Savas picked up on the article, and the praise I had for MEST in it. I did want to say one thing about that though, that I didn’t have a chance to say in the interview. While I like MEST as an architectural style, I believe that the MESTful software that Savas and Jim would write would have considerable issues integrating with the Web and other Internet based apps, largely because they also believe in protocol independence. On the other hand, since their assumed ProcessMessage semantic is practically semantically identical to HTTP POST (and even SMTP DATA), a considerable amount of that software may integrate well purely by accident! 8-) It’s only when they start using – and trying to be independent of – non-ProcessMessage like semantics, such as HTTP GET, PUT, or FTP STOR, that the integration problems will arise.

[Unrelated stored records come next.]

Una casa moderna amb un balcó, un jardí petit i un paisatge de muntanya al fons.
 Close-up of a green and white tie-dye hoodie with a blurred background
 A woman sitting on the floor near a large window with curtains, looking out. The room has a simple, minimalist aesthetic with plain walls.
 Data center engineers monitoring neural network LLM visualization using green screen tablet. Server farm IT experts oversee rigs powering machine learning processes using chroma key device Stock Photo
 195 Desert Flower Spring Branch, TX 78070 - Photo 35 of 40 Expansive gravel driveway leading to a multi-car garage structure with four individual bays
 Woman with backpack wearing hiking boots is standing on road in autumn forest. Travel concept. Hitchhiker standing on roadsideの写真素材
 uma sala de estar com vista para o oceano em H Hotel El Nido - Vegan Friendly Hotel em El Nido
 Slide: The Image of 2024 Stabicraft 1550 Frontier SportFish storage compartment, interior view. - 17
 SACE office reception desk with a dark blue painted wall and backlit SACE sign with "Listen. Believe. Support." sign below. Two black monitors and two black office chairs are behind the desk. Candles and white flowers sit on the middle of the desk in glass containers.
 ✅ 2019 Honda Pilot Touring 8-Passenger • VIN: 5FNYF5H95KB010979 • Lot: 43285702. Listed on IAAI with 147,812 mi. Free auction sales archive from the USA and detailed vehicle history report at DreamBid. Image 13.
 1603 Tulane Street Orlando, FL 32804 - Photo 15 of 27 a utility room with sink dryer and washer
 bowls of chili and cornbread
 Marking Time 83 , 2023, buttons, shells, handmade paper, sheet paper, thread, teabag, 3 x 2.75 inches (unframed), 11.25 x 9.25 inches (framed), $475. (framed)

In case you hadn’t noticed, I’d not been doing much travelling for the past couple of years. In fact, my drive to D.C. last month was the first time I’d left the confines on the Canadian border in about two years (in contrast to the 350K+ miles accumulated in the previous three!). This was due to some issues I was having with the Canadian government, in turn due to a case of mistaken identity; apparently there’s some guy in Canada with my name and birthday(!!) who’s not quite so law-abiding as yours truly!

I thought I was doing the smart thing in 2003 by applying for my citizenship instead of a permanent resident card. But, in retrospect, that turns out not to have been such a good decision. So I finally applied for the card in addition to my citizenship, and I received the card yesterday. Woohoo!